The Global AI Governance Action Plan
Mid-sized deal with MFA characteristics
A follow-up from the 2023 Global AI Governance Initiative, the Global AI Governance Action Plan was released on July 26 at the World AI Conference (WAIC) in Shanghai. China has long sought to create an overarching narrative for international AI governance. The Global AI Governance Action Plan should be understood as part of its campaign to win hearts and minds around the globe, particularly among unaligned nations in the developing world seeking technology partners.
In hindsight, there is a link between the third item of the Global AI Governance Action Plan, which discusses integration of AI into nearly every industry internationally, and the “AI+” plan for domestic AI diffusion that was released later in the year (to be discussed next). Sector-agnostic, large-scale adoption is a conceptualization of AI that is articulated consistently in Chinese tech policy.

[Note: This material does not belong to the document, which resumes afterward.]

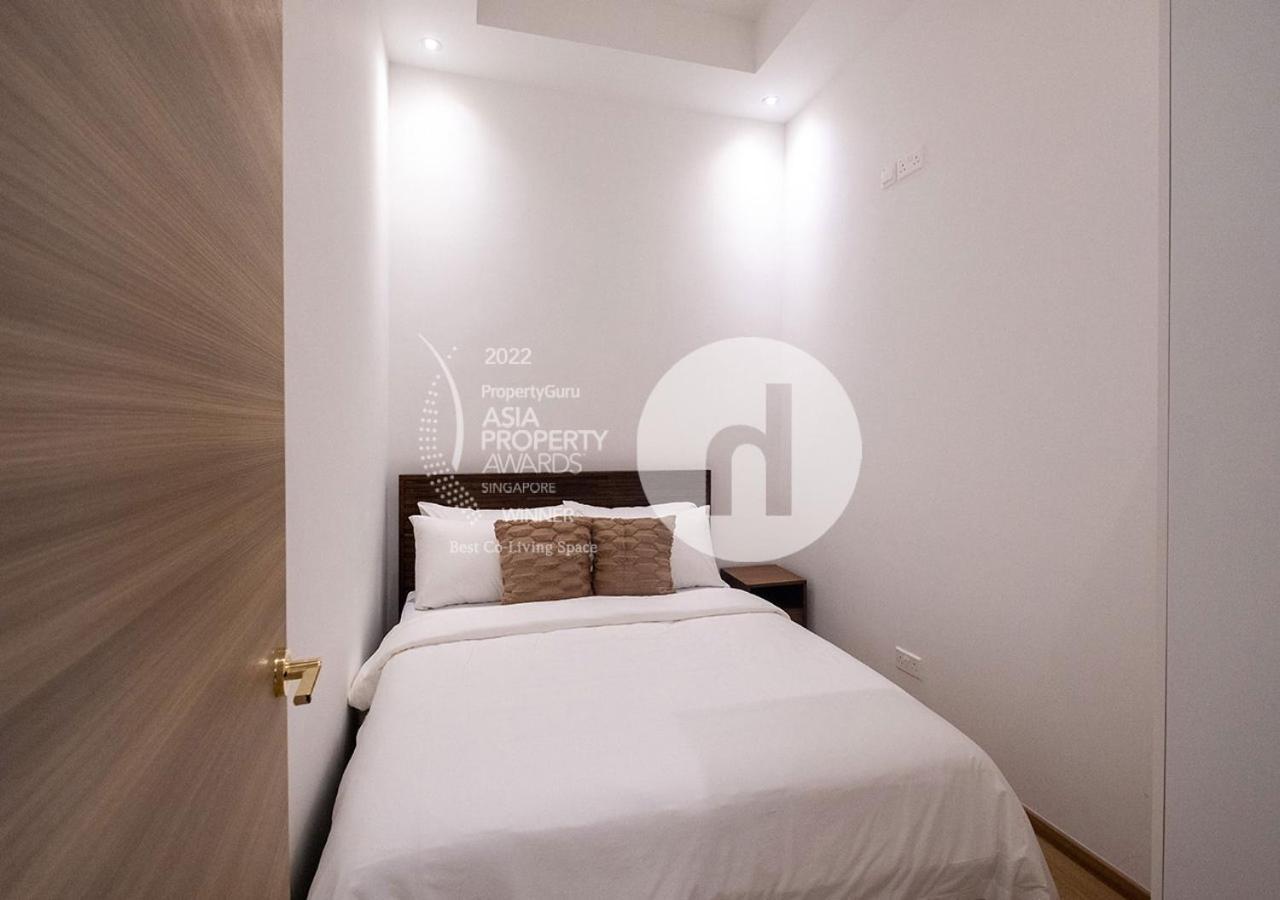 Bugis Hovoh Boutique Service Apt Singapore Eksteriør bilde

Beyond this, however, most of the other items in the Global AI Governance Action Plan are yet to be realized. Without naming the US, the Plan stresses “global solidarity” and warns against fragmentation. China seeks an active role in international AI governance, whether in standards, environmental management, or data sharing. Diplomatic currents move slowly, and we will likely see more AI policy outreach from Beijing towards developing countries in the coming months and years.
Labelling Requirements, and How to Evade Them
Nothingburger, sadly
Just one day after Manus on March 7, the Cyberspace Administration of China (CAC) released a draft of its “Measures for Labeling of AI-Generated Synthetic Content” (人工智能生成合成内容标识办法), which later came into force in September. The Measures require internet service providers to explicitly label AI-generated content on users’ feeds and add implicit labels to the metadata of synthetic content files. Platforms, in theory, should make it known to users whenever the latter interact with potentially AI-generated content, as well as make sure that creators proactively label their uploaded content as AI-generated. This makes China one of the first jurisdictions, and certainly the largest, to implement labelling or watermarking rules for AI-generated internet content.

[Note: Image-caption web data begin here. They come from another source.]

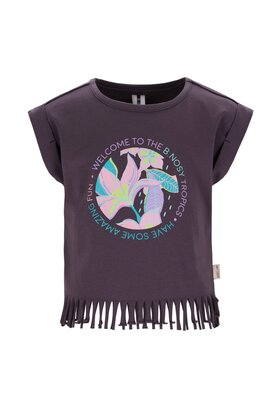 B Nosy Meisjes T-shirt Tikki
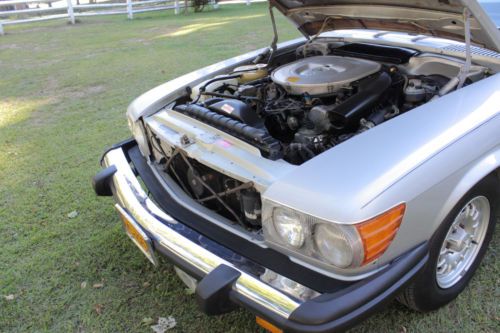 Mercedes Ben Sl 380 Original owner, low miles!, US $9,200.00, image 23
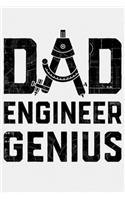 Dad Engineer Genius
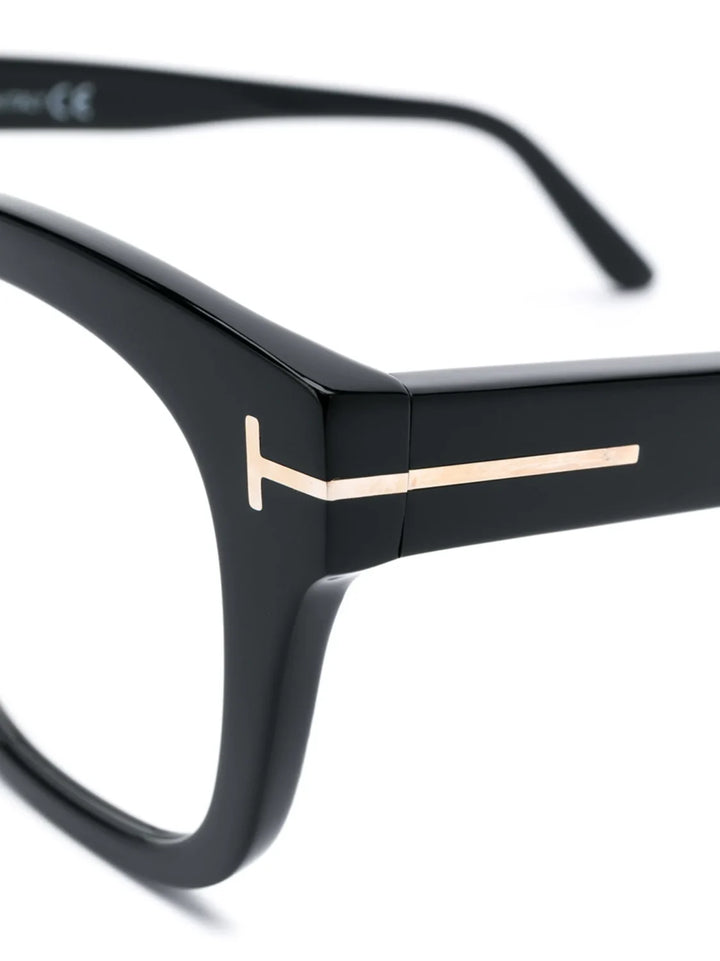 TOM FORD Eyewear square acetate glasses - Tenue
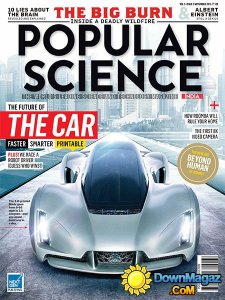 Popular Science IN - November 2015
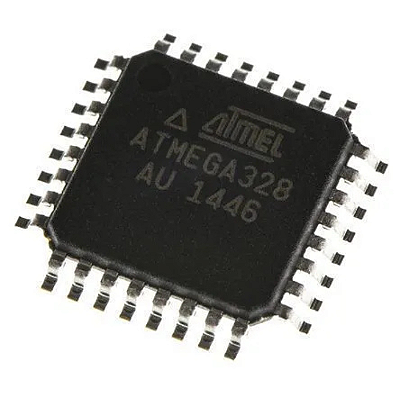 ATMEGA328328P-AU - CI Microcontrolador SMD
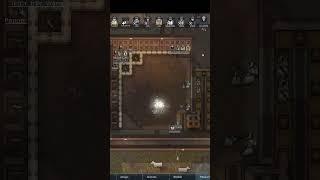 Part 1 Rimworld: Defending my Cave Base from Raid 63 #short #shorts #shortsvideo #rimworldshorts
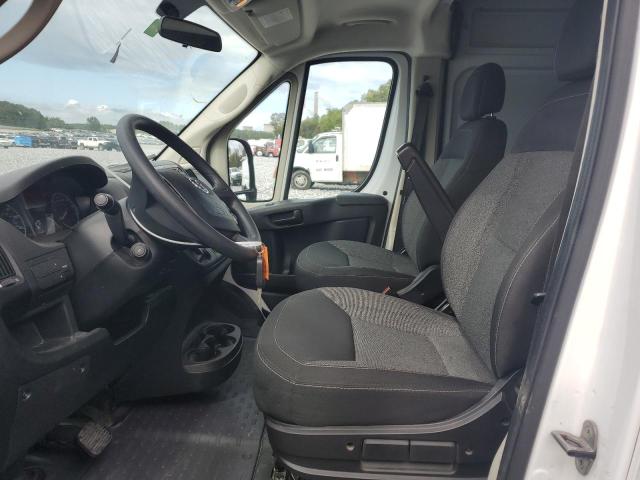 3C6TRVDGXHE551845 - 2017 RAM PROMASTER 2500 HIGH WHITE photo 7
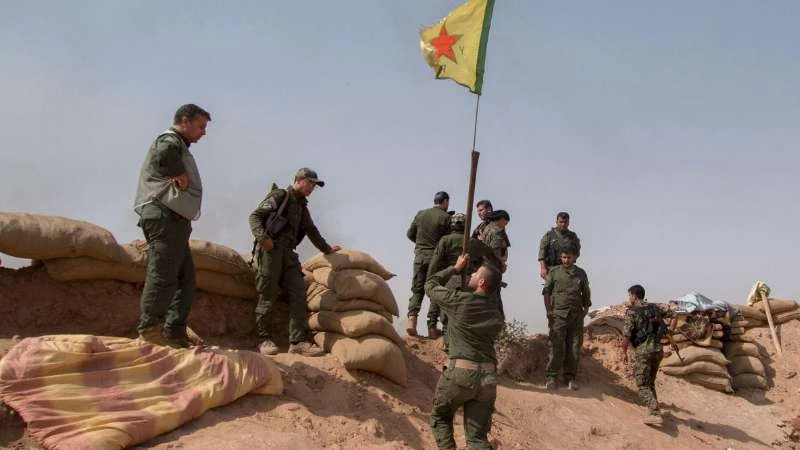 "الوحدات الكردية" تتهم روسيا بعرقلة الاتفاق مع النظام في عفرين
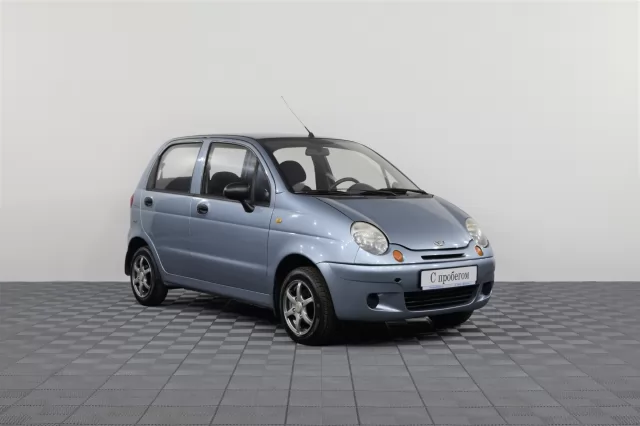Daewoo Matiz 2014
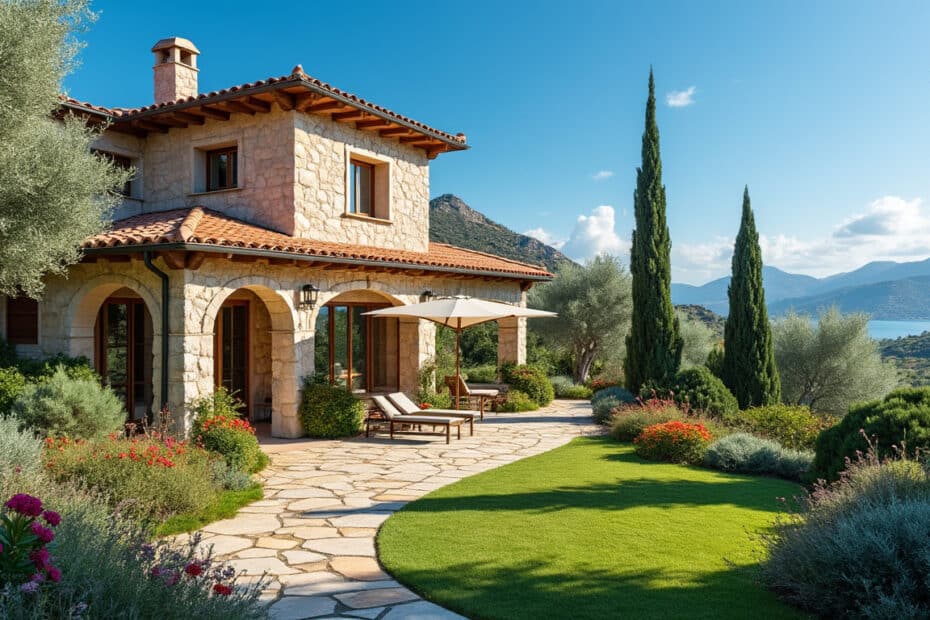 découvrez notre maison à louer en corse du sud disponible à l'année, idéale pour profiter pleinement du cadre exceptionnel et du climat méditerranéen.
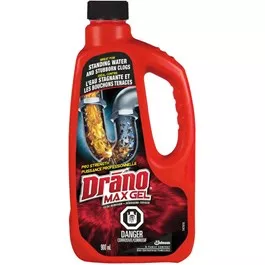 DRANO MAX GEL,900ML
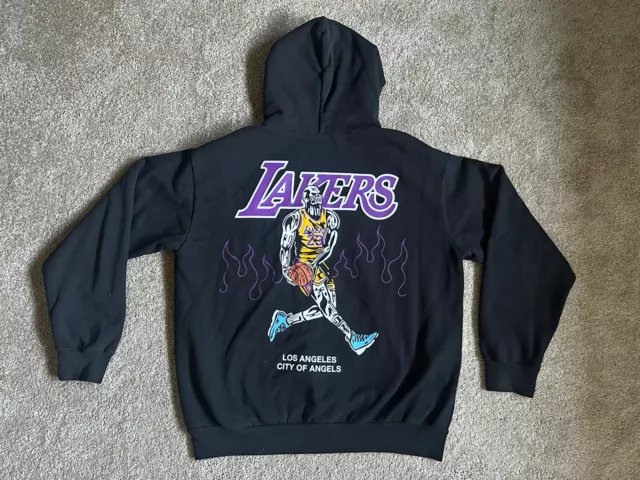 Warren lotas hotsell lebron hoodie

The CAC is ostensibly well-placed to roll out AI content labelling regulations, given its unparalleled regulatory reach and China’s competitive position in AI technology. However, after a rush of actions by companies to comply in September, momentum has fallen by the wayside. ChinaTalk will have more coverage on this soon, but in a nutshell, the landscape for AI content labelling enforcement is uneven at best. (Anecdotally, I see unlabelled, AI-generated content on Xiaohongshu and WeChat almost every day. Especially in the case of AI-generated text, labelling is next to nonexistent.)

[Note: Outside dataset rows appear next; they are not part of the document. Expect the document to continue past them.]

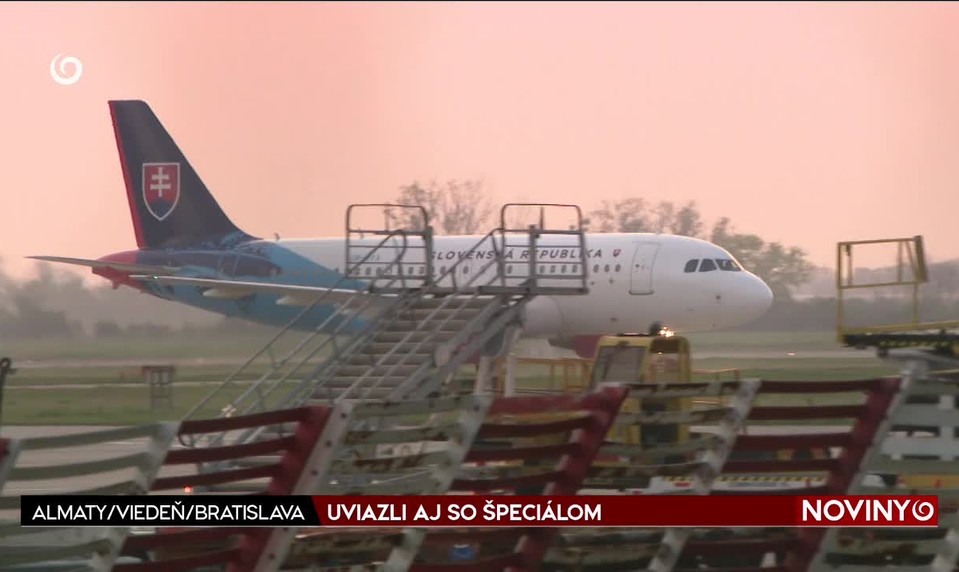 UVIAZLI AJ SO ŠPECIÁLOM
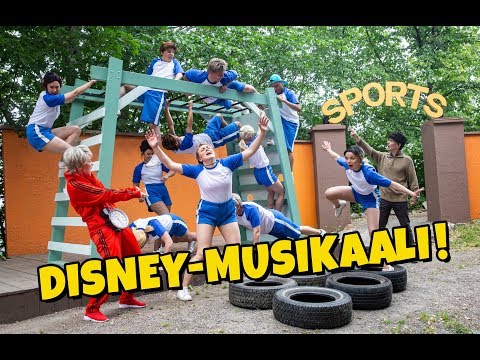 Perjantai on Pahin - Uusi Disney-musikaali!
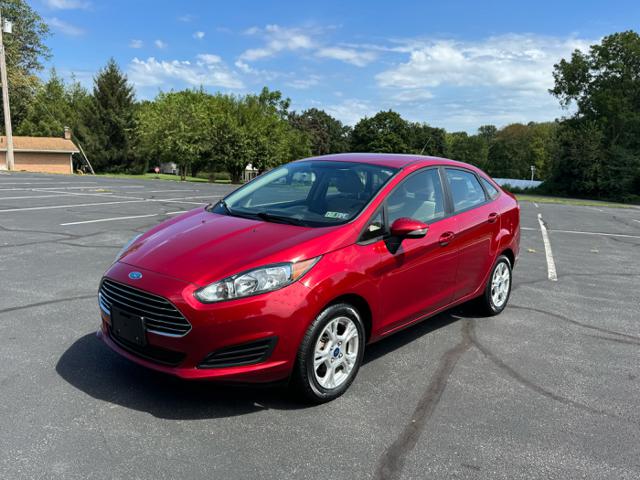 2015 Ford Fiesta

AI-assisted and -generated content is now so much more pervasive online than nine months ago, whether on global platforms or on the Chinese internet. It’s time to ask: what was the point of labelling as policy? Is it to actually protect users from misinformation and engender trust, or is it just a stopgap measure that lets platforms evade responsibility? What kinds of AI usage merit which kinds of mandated disclosures?
A clearly AI-generated video on Rednote/Xiaohongshu. The user’s self-chosen name is “Mimi Loves AI,” but apart from that there is no other indication that the video is AI-generated.